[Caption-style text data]
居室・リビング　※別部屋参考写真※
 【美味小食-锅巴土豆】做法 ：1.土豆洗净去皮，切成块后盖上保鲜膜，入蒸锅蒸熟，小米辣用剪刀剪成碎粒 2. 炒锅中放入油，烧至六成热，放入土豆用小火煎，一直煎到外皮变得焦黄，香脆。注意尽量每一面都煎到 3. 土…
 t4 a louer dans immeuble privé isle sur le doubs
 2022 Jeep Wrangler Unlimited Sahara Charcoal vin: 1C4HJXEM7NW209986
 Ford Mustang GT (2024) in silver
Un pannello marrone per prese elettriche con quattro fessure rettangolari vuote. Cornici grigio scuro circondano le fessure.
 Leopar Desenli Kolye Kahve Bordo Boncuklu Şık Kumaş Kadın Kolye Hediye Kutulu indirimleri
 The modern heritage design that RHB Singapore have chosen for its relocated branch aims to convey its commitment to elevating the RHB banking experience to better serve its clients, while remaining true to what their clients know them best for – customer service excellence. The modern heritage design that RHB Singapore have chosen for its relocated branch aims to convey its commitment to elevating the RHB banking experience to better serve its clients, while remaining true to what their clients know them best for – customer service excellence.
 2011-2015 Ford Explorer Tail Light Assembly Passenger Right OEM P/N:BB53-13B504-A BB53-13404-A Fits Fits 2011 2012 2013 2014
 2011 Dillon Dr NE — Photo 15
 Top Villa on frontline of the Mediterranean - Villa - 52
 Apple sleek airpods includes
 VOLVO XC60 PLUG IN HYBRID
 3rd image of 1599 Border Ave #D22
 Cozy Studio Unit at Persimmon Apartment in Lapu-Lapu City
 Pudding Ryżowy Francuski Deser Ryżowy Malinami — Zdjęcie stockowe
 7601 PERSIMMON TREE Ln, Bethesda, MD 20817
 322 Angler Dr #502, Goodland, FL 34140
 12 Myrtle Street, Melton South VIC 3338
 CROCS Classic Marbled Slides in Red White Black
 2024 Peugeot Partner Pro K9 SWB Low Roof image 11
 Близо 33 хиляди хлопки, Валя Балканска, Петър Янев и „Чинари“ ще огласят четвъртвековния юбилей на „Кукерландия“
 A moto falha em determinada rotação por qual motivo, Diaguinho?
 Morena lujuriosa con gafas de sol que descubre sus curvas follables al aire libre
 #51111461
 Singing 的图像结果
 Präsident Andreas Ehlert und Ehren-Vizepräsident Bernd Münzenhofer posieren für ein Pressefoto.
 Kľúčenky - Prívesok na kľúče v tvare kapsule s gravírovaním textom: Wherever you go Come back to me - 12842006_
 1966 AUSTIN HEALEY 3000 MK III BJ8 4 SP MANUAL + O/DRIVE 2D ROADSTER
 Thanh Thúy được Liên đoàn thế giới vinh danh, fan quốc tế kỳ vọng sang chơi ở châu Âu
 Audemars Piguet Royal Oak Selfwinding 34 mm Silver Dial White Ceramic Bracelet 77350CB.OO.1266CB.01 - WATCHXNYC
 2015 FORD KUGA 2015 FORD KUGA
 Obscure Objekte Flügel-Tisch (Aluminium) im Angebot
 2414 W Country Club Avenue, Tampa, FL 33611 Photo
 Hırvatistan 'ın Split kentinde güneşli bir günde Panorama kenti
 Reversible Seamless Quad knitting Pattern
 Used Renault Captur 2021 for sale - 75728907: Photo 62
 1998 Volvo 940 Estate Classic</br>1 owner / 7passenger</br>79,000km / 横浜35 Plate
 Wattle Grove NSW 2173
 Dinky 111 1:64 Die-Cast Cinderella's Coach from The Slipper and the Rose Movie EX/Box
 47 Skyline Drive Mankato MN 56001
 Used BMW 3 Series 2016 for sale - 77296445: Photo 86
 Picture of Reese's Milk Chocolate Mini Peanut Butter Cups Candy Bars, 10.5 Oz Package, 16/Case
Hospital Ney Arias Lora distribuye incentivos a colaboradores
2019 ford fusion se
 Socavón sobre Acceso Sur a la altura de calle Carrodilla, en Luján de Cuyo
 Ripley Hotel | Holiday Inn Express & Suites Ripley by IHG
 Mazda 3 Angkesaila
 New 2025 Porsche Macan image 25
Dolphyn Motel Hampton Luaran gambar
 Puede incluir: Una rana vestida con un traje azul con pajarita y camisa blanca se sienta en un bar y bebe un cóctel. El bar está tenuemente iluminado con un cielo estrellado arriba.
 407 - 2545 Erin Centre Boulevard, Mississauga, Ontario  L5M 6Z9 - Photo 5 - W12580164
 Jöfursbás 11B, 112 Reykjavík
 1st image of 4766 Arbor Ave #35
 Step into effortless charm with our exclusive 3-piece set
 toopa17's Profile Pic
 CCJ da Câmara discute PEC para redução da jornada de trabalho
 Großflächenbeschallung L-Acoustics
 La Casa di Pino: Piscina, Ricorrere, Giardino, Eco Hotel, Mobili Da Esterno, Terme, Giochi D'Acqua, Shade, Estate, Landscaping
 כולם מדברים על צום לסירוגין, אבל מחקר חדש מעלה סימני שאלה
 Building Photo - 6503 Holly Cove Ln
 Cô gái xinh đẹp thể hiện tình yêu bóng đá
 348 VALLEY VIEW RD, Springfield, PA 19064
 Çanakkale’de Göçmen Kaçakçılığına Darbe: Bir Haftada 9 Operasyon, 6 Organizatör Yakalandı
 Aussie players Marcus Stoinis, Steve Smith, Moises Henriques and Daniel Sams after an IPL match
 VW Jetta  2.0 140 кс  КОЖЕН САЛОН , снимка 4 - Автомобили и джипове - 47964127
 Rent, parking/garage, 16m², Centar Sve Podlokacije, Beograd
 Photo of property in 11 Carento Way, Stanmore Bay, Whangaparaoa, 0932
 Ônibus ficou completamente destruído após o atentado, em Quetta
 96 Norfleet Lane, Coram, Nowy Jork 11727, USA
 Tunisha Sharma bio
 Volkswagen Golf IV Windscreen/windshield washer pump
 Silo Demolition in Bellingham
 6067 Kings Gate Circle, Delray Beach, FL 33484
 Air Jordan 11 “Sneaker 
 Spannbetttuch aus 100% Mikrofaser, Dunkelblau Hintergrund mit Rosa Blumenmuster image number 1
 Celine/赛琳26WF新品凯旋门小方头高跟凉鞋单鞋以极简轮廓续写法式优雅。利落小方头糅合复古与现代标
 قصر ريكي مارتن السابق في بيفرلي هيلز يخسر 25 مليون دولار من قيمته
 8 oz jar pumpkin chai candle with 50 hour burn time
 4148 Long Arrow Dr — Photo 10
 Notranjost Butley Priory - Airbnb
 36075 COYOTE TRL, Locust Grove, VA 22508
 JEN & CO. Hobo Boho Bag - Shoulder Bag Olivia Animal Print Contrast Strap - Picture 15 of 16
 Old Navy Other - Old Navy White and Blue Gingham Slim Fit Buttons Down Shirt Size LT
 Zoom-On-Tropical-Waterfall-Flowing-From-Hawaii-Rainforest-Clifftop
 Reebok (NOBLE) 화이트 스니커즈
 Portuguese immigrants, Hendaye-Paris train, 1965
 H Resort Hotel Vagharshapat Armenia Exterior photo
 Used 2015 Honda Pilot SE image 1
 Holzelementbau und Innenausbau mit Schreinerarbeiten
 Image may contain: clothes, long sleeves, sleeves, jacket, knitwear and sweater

## What is required
Starting with the line that holds "12 Myrtle Street, Melton South VIC 3338" and ending with the line that holds "A moto falha", retype every line in the data above exactly, and nothing else.

## Response to this task
 12 Myrtle Street, Melton South VIC 3338
 CROCS Classic Marbled Slides in Red White Black
 2024 Peugeot Partner Pro K9 SWB Low Roof image 11
 Близо 33 хиляди хлопки, Валя Балканска, Петър Янев и „Чинари“ ще огласят четвъртвековния юбилей на „Кукерландия“
 A moto falha em determinada rotação por qual motivo, Diaguinho?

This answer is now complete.